248. Thank you very much. Do you want to say
anything by way of introduction or are you happy to go straight
(Ms Keeble) I would like to say something.
249. By all means.
(Ms Keeble) I am very pleased that the Sub-Committee
has decided to undertake this investigation into the work of Ordnance
Survey. I took on ministerial responsibility for it last summer,
along with my separate departmental responsibility. Ordnance Survey
is a non-ministerial government department. It is an executive
agency and operates, as you know, as a trading fund. As the Minister
for Ordnance Survey, I have particular responsibilities for its
strategic direction, for approving its business plans and to set
the agency key targets each year. I have to say, I have been extremely
impressed by the work of Ordnance Survey. The advances that are
being made with digitised geographic and mapping information are
very striking in their speed and quality. During the meetings
that I have had with the Chief Executive, presentations I have
been to and during short visits to Southampton, I have been very
impressed with the energy and the sense of direction that is going
into Ordnance Survey's programme of change on both a services
and a staffing level. They are very actively responding to the
needs of the geographic information marketplace, and also producing
a climate of change within the organisation which all staff are
being encouraged to contribute to, and some are clearly very supportive
of as well. They have made very significant progress over the
last two to three years and I am very keen to ensure that that
development continues. You will have heard that Ordnance Survey
data makes a huge contribution to the UK economy and we need to
make sure that that contribution grows and continues. However,
perhaps of more concern to me is the fact that Ordnance Survey
has a major role to play in the development of public service
delivery and that has very much informed my decision-making. You
will be aware that I announced to the House on the 19th December
that as a consequence of the report from stage one of the Quinquennial
Review of OS, I was minded to accept the recommendation that the
agency should move to a wholly government-owned plc. It was considered
that such a status would provide the flexibilities and business
freedoms to enable OS to continue to develop and respond quickly
and effectively to the changing demands of a rapidly evolving
industry and marketplace, and also, therefore, to meet the needs
of public service providers. The Department and OS have now embarked
on stage two of the Review that is seeking to produce a thorough
assessment of the costs and benefits that the most appropriate
government-owned plc model would have over the current trading
fund status. We have appointed consultants to undertake the work.
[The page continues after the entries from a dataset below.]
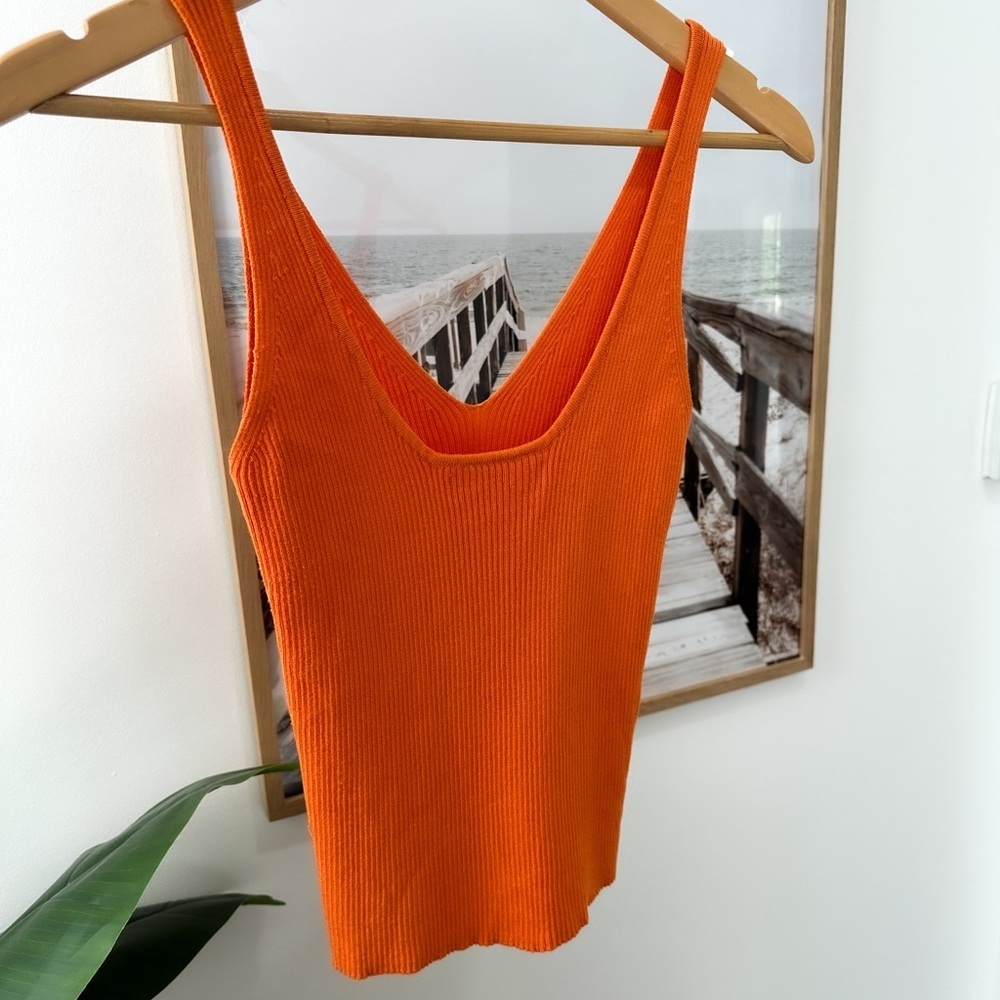 Mango Orange Ribbed V-Neck Tank Top - Picture 7 of 9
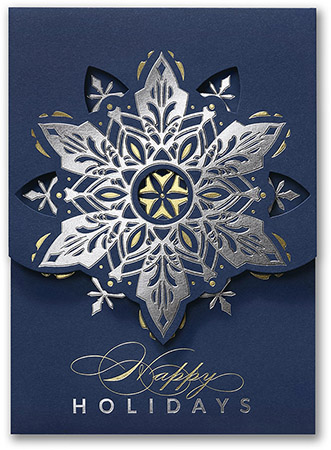 Personalized Holiday Greeting Cards by Carlson Craft - Snowflake Awe with Foil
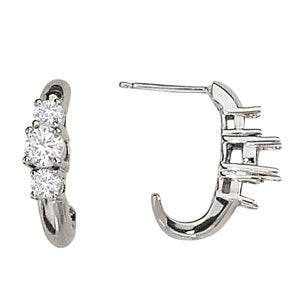 0.50 CTW Round Diamond Three Stone Earrings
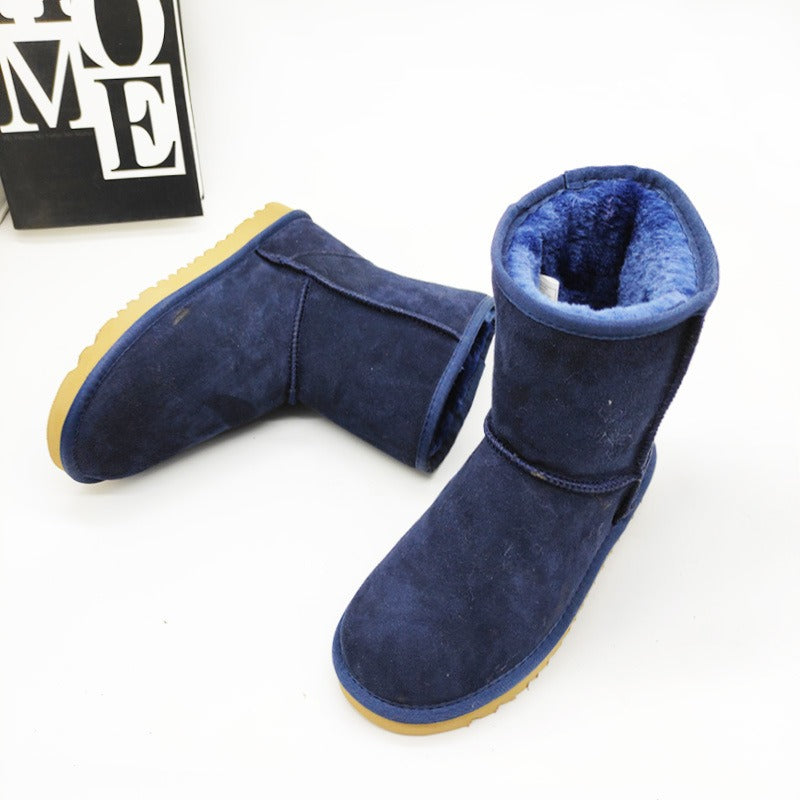 Women - Snow Boots - Smooth Leather - Stylish Winter Footwear for Cold Weather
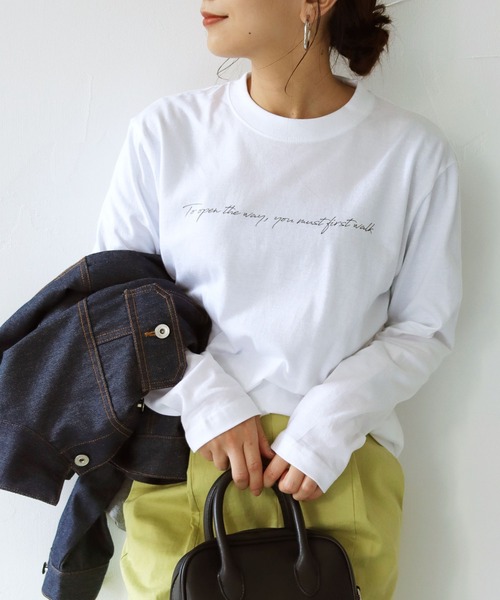 HER CLOSET(ハークローゼット)の「【shemoshelly】5.6オンス片面プリントロゴロンT(Tシャツ/カットソー・レディース・ホワイト/ブラック・S)」の8枚目の写真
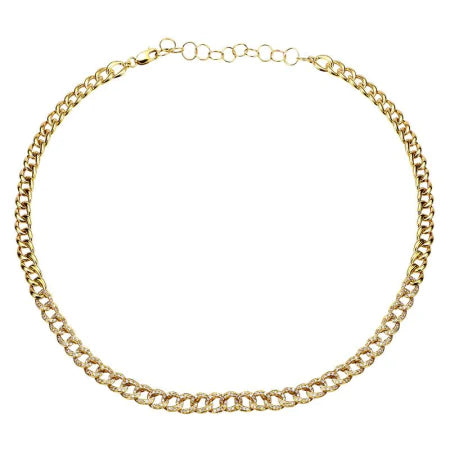 Solid Gold Half Diamond Cuban Link Necklace With Extender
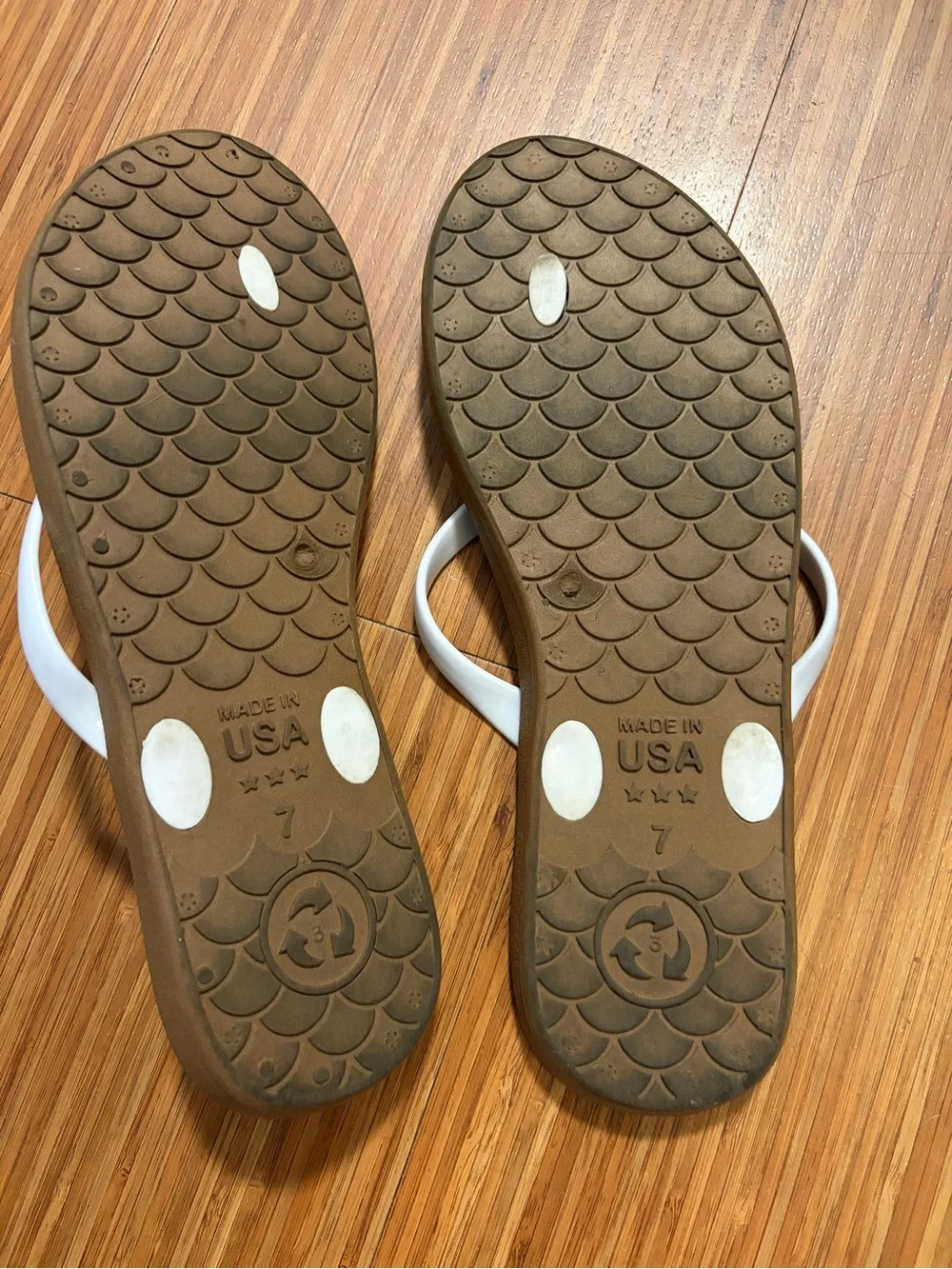 Okabashi Women’s Brown Sandals with White Straps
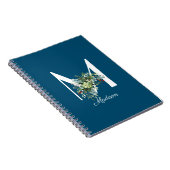 水彩ワイルドフラワーイニシャル青 ノートブック (右側)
They will also look at the risks of a government-owned plc transition
and what might happen should OS remain as a trading fund. I should
say that stage two is not reopening the issues dealt with within
stage one, but the work is focusing on the government-owned plc
and trading fund comparison. I am looking for a robust and thorough
analysis to inform the decision. I expect to receive the stage
two report in May and to be able to announce a decision on the
future structure before the House rises for the summer recess.
We need to be very positive about the role that OS data can play
in both co-ordinating services across government and developing
citizen-based services. There are many opportunities, and I feel
that we have only at present scratched the surface. At present,
there are some departments and other government bodies that have
not yet gained access to OS data and I am sure that the development
of the pan-government agreement will help to develop those opportunities.
I should also say that I think that the steps that OS have taken
since 1999 to shift away from the development of more specialised
products within the marketplace has also been very important.
Its stated policy is to work with partners and it is their partners
who have the expertise and experience to develop applications
for OS data to meet particular market needs. OS will be facing
increasing competitive challenges in the future and I am very
keen that it is positioned to meet those challenges. It is very
important, I believe, that OS remains with the public sector arena,
but it does need to be able to maximise its investment arrangements
within the private sector and be able to attract and retain the
skills required to manage in a competitive environment. So I am
very optimistic about the future of OS and particularly its ability
to play a very important role in the development of public services
right across government.
250. Can I thank you very much for that statement.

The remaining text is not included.